Even basic medical equipment was dysfunctional and there was lack of doctors and paramedical staff. No specialized training was provided to health professionals regarding the pandemic (Jaffery 2020). Expensive medical equipment remained nonfunctional for years. Elite class got a preferential treatment leaving poverty-stricken people behind (Hadid and Sattar 2020). Even maintenance and repair of healthcare facilities was also ignored. Moreover, it was not unusual to witness scenes of general public smashing hospital equipment. Grief of death of their loved ones turned into pandemonium as it was solely “mistake of doctors.” Angry families were beating doctors and ransacking hospitals as healthcare professionals turn away COVID-19 patients—saying their facilities were already in short supply (Kermani 2020). COVID-19 cases spike can quickly overwhelm Pakistan’s healthcare system. As it seems this pandemic was here to stay. The state had a shortage of medical equipment and personnel and obsolete infrastructure (Afzal 2020).

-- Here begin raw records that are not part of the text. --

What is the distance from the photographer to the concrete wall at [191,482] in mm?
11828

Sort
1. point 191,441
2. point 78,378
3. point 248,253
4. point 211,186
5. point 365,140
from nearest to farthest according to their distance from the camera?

Preliminary researches suggest that plasma of recovered patients contain antibodies that can be helpful for infected patients (Duan et al. 2020) but COVID-19 pandemic had sadly brought out the worst in the people of Pakistan. Instead of donating plasma as a noble gesture to help those suffering from this potentially fatal disease, recovered patients were making it their business. Convalescent plasma transfusion was not cure but a line of therapy and still in experimental stages. It should only be employed in controlled settings. Under no circumstances, should public be experimenting it without doctors’ approval (Epstein and Burnouf 2020). Similarly, different drugs including dexamethasone were no more available in pharmacies as they were declared helpful for COVID-19 patients (Qureshi 2020). Therefore, much more efforts are needed to cope with the situation. Experts fear if its spread is not curtailed by taking bold steps and consistent management choices, it may result in unprecedented human catastrophe (Yi et al. 2020).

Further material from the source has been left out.